Grooving miniature parts requires a conservative cutting approach and a choice between solid-carbide and insertable tools.
Small parts require even smaller grooves. That simple idea is driving one of the ongoing trends in grooving—the need to design and apply tools that can cut a variety of grooves in a growing number of miniature parts. The challenge is to design tiny tools and develop cutting strategies that resist tool breakage and manage chip generation in tight spaces. Parting And Grooving Inserts
“One of the biggest changes we’ve seen is in the minimum bore sizes [the bore size that a grooving tool can fit into],” said Duane Drape, national sales manager, HORN USA Inc., Franklin, Tenn. “Four years ago, our minimum bore for grooving was 4mm. Now we have off-the-shelf 2mm minimum-bore grooving tools, and some customers are requesting off-the-shelf tools for grooving down to 1mm. Our smallest standard minimum-diameter tools are 0.2mm, but they are for boring, not grooving. We are constantly getting calls to reduce diameters even further.”
A Microbit ID grooving tool from Thinbit for diameters 0.125 " and larger.
According to Andy Kelling, national product manager, screw machines, Iscar Metals Inc., Arlington, Texas, the overall length of most miniature parts that require grooving ranges from 1mm to 25.4mm, with diameters starting at 0.2mm. These parts are used in dental implants, stents, probes, instruments, electrodes, injectors, small fasteners and internal valve body components.
Other miniature grooving applications include fittings for automotive airbag components, fuel injection components, aerospace components and spray nozzles.
There are various grooves and grooving techniques required for miniature parts.
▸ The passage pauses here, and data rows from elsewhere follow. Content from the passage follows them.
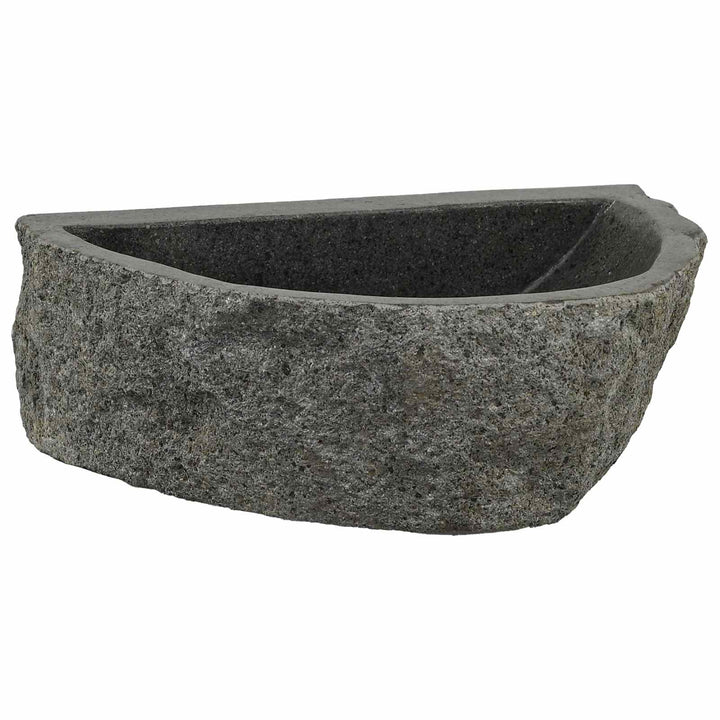 Vægmonteret håndvask Grå 37 x 30 x 12 cm River Stone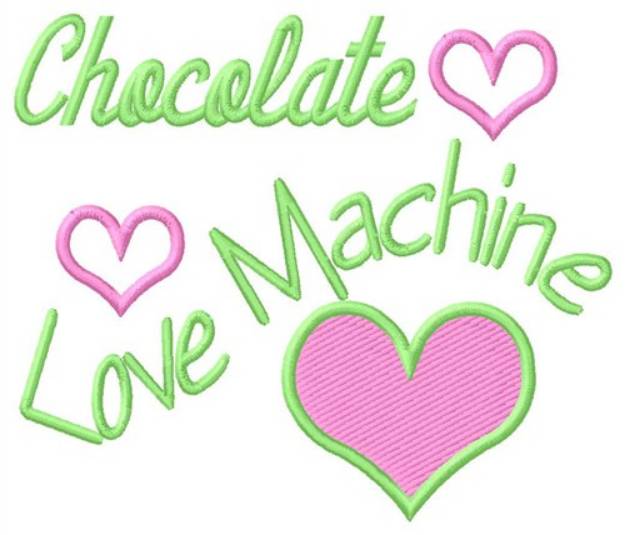 Picture of Chocolate Love Machine Machine Embroidery Design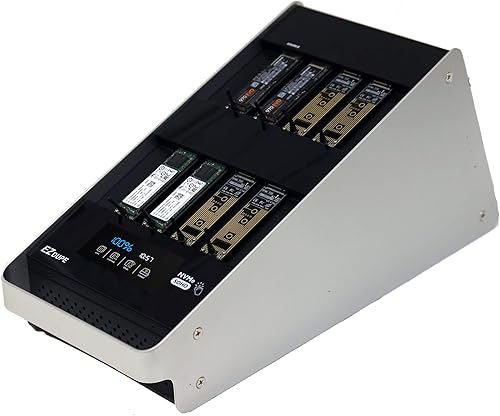 Miniatura 7 de EZ Dupe Duplicador M.2 de 1 a 4 M.2 NVMe / M2 SATA NGFF (PCIe/ACHI NVMe) llave B, llave M, llave B+M 2230 2242 2260 2280 módulo interno SSD Cloner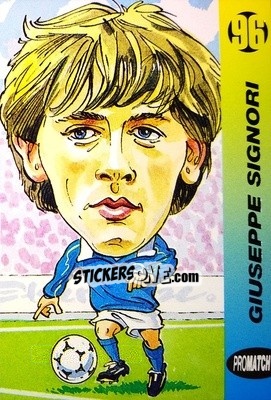 Sticker Giuseppe Signori - 1996 Series 1 - Promatch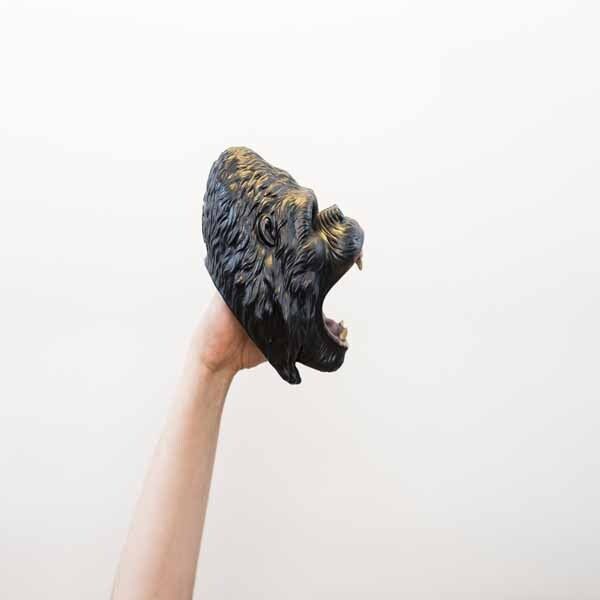 Wild Thingz gorilla hand puppet soft and flexible (British brand)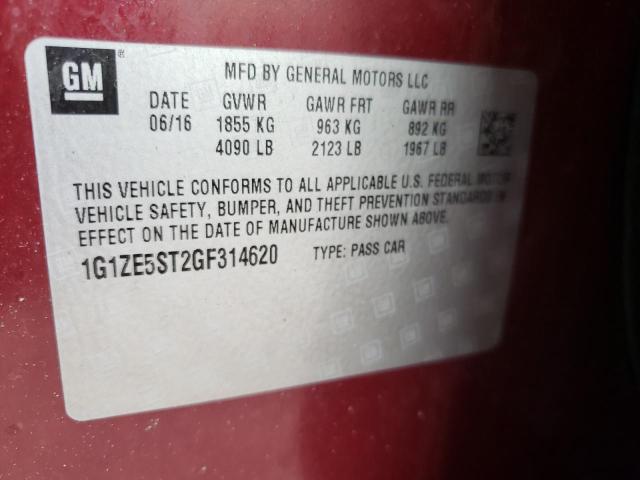 Photo 10 from auction – 2016 CHEVROLET MALIBU LT with VIN 1G1ZE5ST2GF314620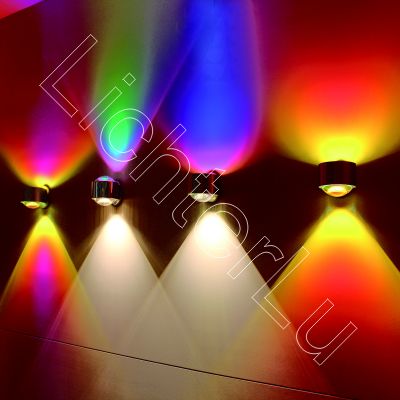 Puk Maxx Wall, LED Wandleuchte von Top Light, Chrom, 2-30812
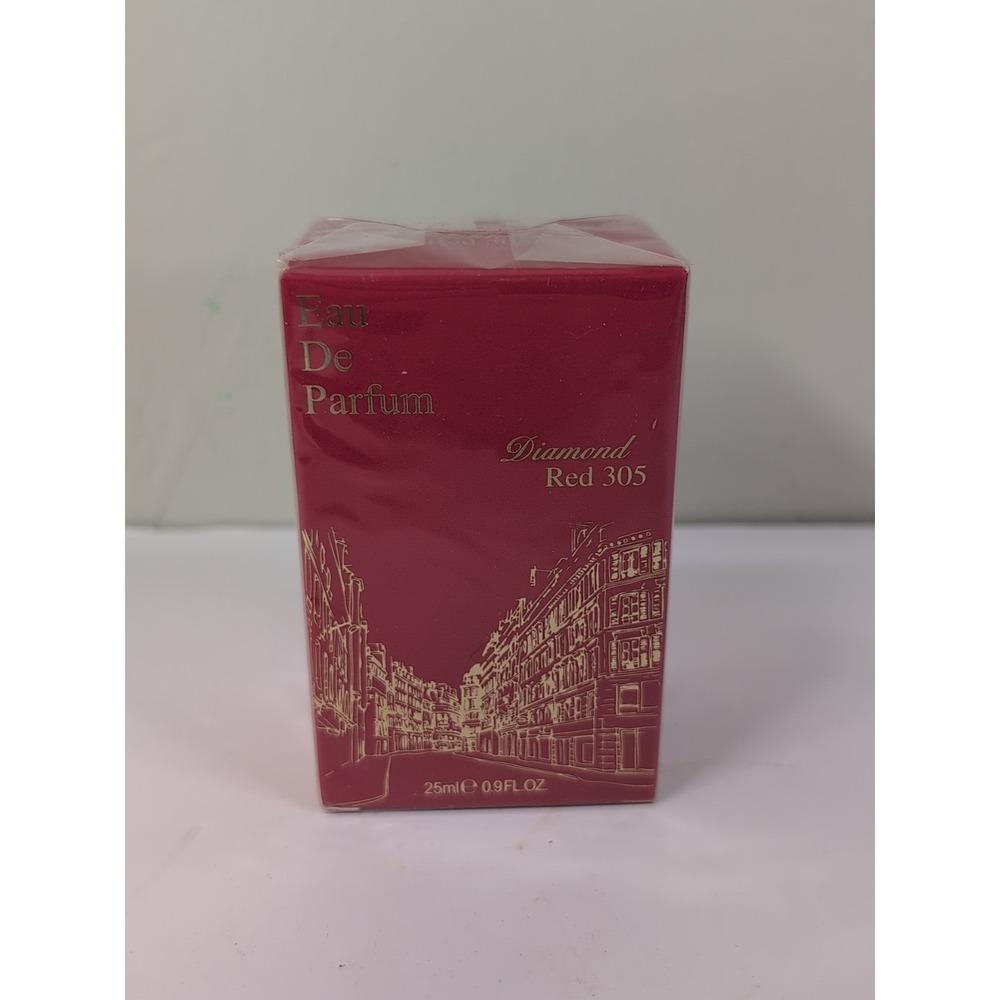 NEW  DIAMOND RED 305 EAU DE PARFUM BY LAFUA‎ PERFUMES FOR WOMEN, 25 ml 0.9 FL OZ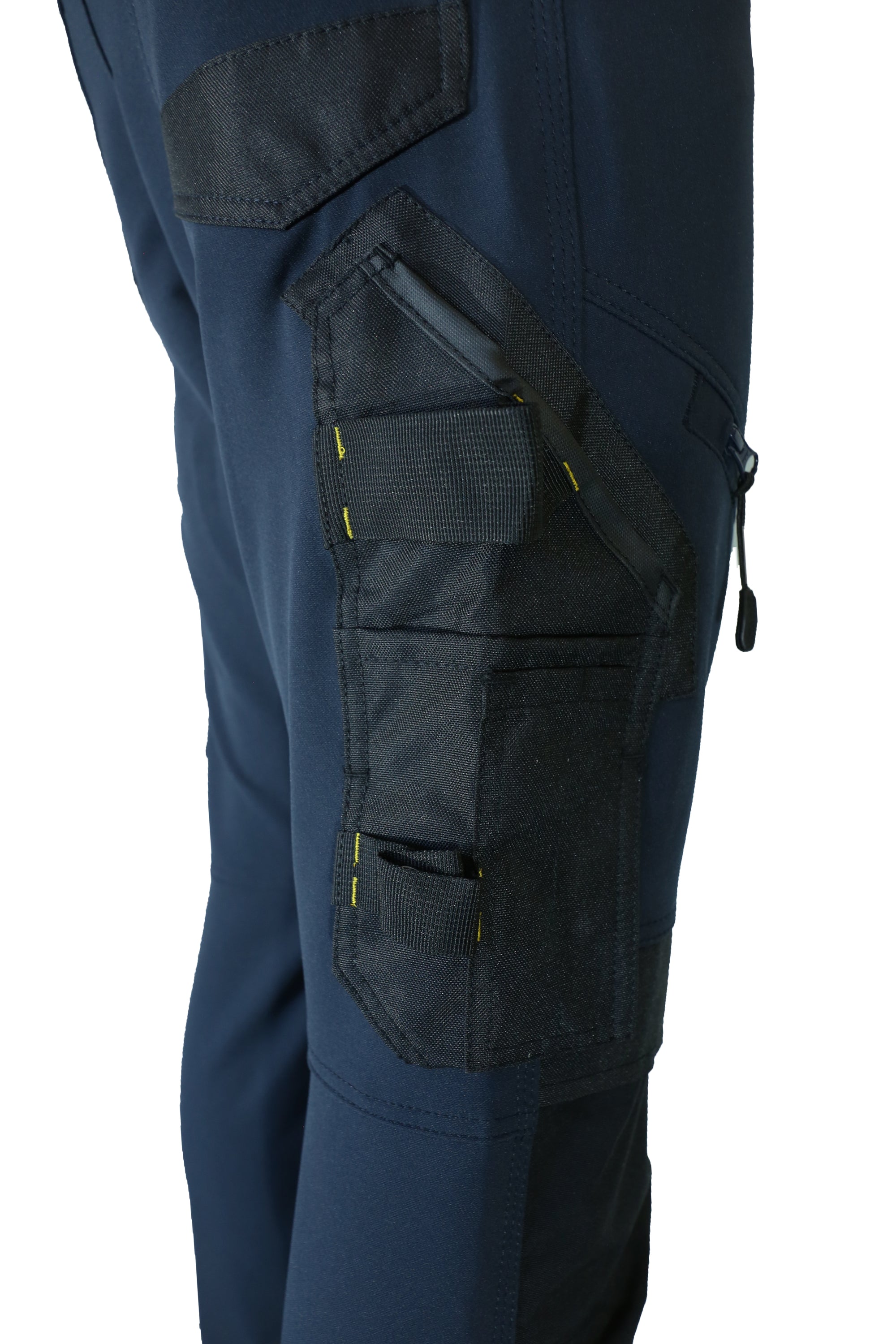 Slim Fit Stretch Work Trouser with Removable Holster Pockets - Hi-Vis Trousers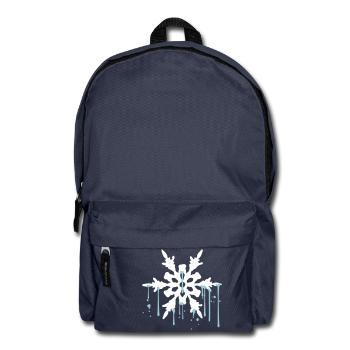 eau graffiti gouttes d'eau fondu cool victoire - Sac à dos - bleu marine - Devant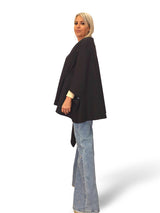 PONCHO ASIMETRICO PUNTO ROMA JOT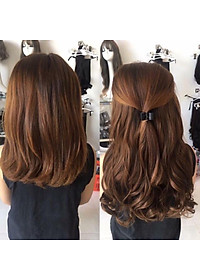  Tóc giả kẹp nữa đầu kẹp phím   kẹp phím nữa đầu dợn sóng lững- hình thật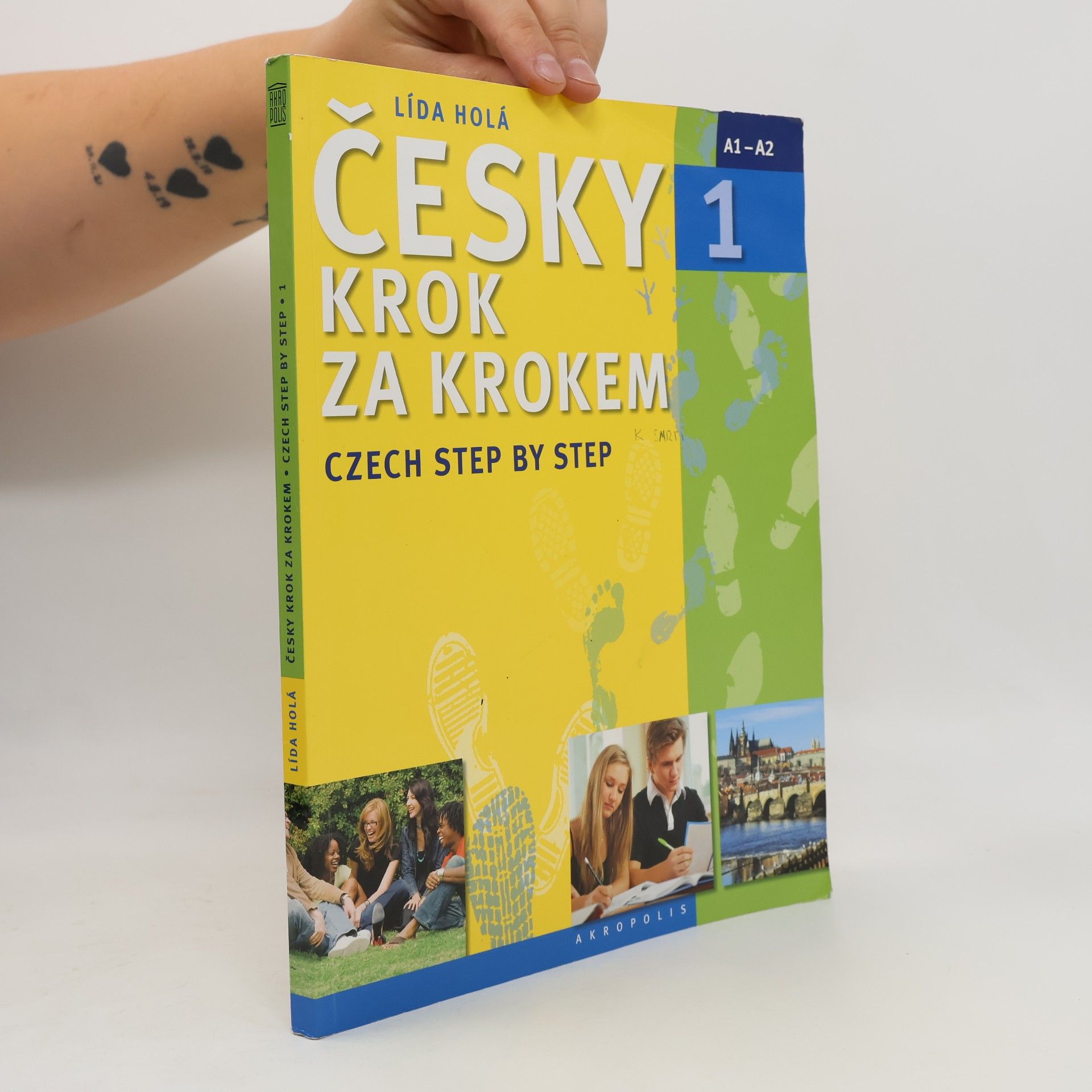 Lída Holá Česky krok za krokem 1. A1-A2 učebnice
According to Ken King, COO of Thinbit/Kaiser Tool Co. Inc., Fort Wayne, Ind., grooving miniature parts requires determining what the grooves will be used for, what types of grooves are needed and what types of geometries the grooves must have. In miniature part production, grooves are typically for connecting parts (snap rings), sealing mating surfaces (O-rings), thread relief, holding lubrication and reducing surface contact. Types of grooves include OD and ID grooves, face grooves and angled grooves. “Grooves can blend into other features and multifunction tools can produce more than grooves, so creating a definition can be tricky, but grooves can have chamfers, radii and angles,” said King.
According to Drape, the main challenge for ID grooving in miniature parts is the tiny tools’ relative lack of strength. “When you are going into a 1mm bore, you need a tool that has to fit axially into that 1mm bore and then apply radial force to [the bore]. This cutting pressure typically tries to bend the tool dramatically, causing form and chatter problems as well as tool breakage and chip evacuation issues,” he said.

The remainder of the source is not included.